Stephen Kozel: They stand for "What The ****". I could not tell the Red Wings that so I told them it was for a dead friend, Walter T. Franklin. WTF goes back to when I attended high school and this was the mid-1970s. We would go to bars and we did not want any hassles, so about 15 or 20 of us got jackets made up that stated WTF KARATE CLUB on the back with our nick names on the front. No one ever bothered us as long as we wore those and traveled in a pack. I was a young wise guy kid and it made me and my friends laugh to see WTF Company on the back of the cards.

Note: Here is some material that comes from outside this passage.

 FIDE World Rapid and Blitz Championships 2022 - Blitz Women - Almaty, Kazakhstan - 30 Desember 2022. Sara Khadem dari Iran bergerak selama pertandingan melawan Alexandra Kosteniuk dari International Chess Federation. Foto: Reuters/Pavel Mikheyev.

RITM: In regards to the name you mentioned that WTF stood for, I presume that was a real person and not just a made up name?
Stephen Kozel: No it was a made up name. I could not tell the Red Wings (and they did ask) what WTF really stood for, so on the spot I came up with a deceased friend named Walter T. Franklin. I am not so proud of it now but as I explained, using WTF went back to high school. I am not the only member of our crowd who used it. If you are from Rochester and remember the late 1970's you will remember my friend's 50% off sales he organized then and held in the War Memorial. All his friends were hired as security and we wore t-shirts that again read WTF Karate Club. It was an ongoing joke among 15 or 20 guys I went to school with.
RITM: What was the cost to produce the card sets and how much did the sets sell for?
Stephen Kozel: I paid 79 cents per pack to print them. They sold for 3.95 a set or three for ten dollars. I sold them and the Red Wings sold them at the stadium.
RITM: How many sets were produced and how many sheets of the cards were left uncut?
Stephen Kozel: 1800 sets (I found the receipt from the printers a while back). I left 50 sheets uncut and gave most of them to my softball buddies after a game in ‘81. I had no sheets left for myself when an old friend called me and said he had bought my mothers’ house and found 6 uncut sheets in the basement. On a side note that friend of mine, Tony Glassman, played in the Mets and Padres chain. I was thrilled to have them again.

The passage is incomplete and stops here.